And then the fridge magnets. My mind is blank. All the photog- raphs I can remember are there, but there are still some things I’m unsure about: the postcard from Margrethe, a list of items we were going to buy from Maxbo to do up the bathroom. Did we throw away the postcard? Did Sigurd take down the shopping list, or might I have done so myself? But why would anyone be interested in what Margrethe wrote to us from Budapest? Why would anyone care about what supplies we needed to buy? My head is spinning again, and I press my hands against Old Torp’s dirty tiles. Codes in shopping lists; mystical postcards that might not be from Margrethe, after all. It’s too far-fetched.
It’s Wednesday. The day lies open before me – all my patients have been cancelled. I don’t know what to do, but I am certain that I don’t want to stay here, with the police rummaging around and the fridge magnets screaming at me. I could go into the city. Take a walk – around St Hanshaugen, for example. Sigurd’s appointment book is in here with me, sitting beside the sink, beneath my dressing gown, and I think of the last pages, the ones containing the addresses. Atkinson. Or is that a stupid idea? Will I get myself mixed up in something if I go over there? I turn off the water. It’s best to take it easy. Breathe. Start again.
When I go downstairs there is no-one in the kitchen. The police car is gone. I stand at the window and see Fredly’s paper cup still on the ground where she dropped it, and I just know the police are done with the whole fridge magnet story. I see myself as they must see me: a woman in the process of losing her mind. My credibility has gone up in smoke. On Monday we talked about professional principles, the right of patients to expect that their medical records will not be shared. I saw Sasha. There’s much that I have lost in just a few days.
But I would like to ensure my personal safety. I take out my tablet and search for security systems, for burglar alarms. One of the first companies to come up is called Arild’s Security. The logo is a house with a lock around it, and there’s something reassuring about the image. A proper lock – that’s w
hat I need, I think.
I tap the number into the telephone, but stand there without calling. Look at the number and think, am I sure? Were the fridge magnets really in their usual places yesterday evening? Can I be absolutely sure? How about when I stood in the kitchen tidying up yesterday night, after Annika and I had supper? I remember how I put the dishes in the dishwasher, visualise the fridge door. I only swept it with my gaze, but yes, everything was there as usual – the restaurant menus, the photographs, a memo about recycling. Are the postcard and shopping list there? I can’t focus in on these details – can’t force my memory to recall whether they’re there or not. But everything else is there. Or is it? Am I misremembering? Am I imagining another day? Is Annika even there in this specific memory,? I try to force my gaze out into the room, looking for her in my mind, but it’s impossible to find her there. I see only the fridge door and the open dishwasher.
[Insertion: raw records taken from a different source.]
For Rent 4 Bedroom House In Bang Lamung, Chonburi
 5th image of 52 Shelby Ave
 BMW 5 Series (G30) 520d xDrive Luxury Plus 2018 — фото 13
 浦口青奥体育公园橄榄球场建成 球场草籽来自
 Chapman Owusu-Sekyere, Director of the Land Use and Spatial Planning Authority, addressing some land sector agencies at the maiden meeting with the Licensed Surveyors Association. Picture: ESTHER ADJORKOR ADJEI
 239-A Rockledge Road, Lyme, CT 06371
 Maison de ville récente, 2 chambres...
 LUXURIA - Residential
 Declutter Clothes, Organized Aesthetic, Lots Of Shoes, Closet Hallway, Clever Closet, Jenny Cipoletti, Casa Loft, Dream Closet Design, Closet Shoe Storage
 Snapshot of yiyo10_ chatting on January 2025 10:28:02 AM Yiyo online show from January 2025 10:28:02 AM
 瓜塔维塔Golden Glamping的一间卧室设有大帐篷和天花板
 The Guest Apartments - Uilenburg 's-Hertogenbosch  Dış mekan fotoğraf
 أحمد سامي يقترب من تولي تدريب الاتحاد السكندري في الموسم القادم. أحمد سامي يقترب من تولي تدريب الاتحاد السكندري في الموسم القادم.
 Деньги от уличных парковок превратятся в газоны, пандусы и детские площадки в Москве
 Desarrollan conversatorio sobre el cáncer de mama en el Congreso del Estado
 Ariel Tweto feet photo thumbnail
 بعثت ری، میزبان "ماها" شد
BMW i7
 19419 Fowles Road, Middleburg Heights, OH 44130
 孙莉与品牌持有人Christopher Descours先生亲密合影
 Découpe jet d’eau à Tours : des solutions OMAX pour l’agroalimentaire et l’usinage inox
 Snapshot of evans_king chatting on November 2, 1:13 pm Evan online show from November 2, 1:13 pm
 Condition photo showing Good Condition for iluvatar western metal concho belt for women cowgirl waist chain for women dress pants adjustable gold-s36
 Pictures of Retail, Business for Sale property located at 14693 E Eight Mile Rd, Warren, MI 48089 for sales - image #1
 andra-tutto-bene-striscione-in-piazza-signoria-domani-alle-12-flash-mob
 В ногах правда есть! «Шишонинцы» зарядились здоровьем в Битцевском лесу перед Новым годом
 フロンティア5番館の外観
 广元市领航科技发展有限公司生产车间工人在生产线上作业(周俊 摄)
I remember little from after I came home from the Institute of Public Health. I must have walked up to the first floor. Probably drank a glass of water in the kitchen. Probably tidied away whatever had been left out. But these memories are unclear, they slide away whenever I try to fix my gaze on them. Me – who always remembers everything. Might I have moved the fridge magnets myself? Been so distraught that I did so without realising? Been in such a daze that I now can’t recall? Am I still able to trust what I see, what I remember?
The telephone number shines from the screen of my mobile. Arild’s Security. I change my mind. Save the number on my phone. I can always call later.
*
A few hours later I’m crossing the cemetery on foot. I find it oddly quiet here. No groups of schoolchildren wearing reflect-ive vests and backpacks; no teachers counting them over and over again to be sure they haven’t lost anyone, as there would have been up at St Hanshaugen. No hipster couples drinking coffee from reusable cups, jabbering away about this concert and that new bar. No post-natal groups, the rows of new mothers with their prams before them like shields. The cemetery is almost empty. An older lady with a walking stick. A girl with a dog on a lead. The headstones. Big, ancient trees.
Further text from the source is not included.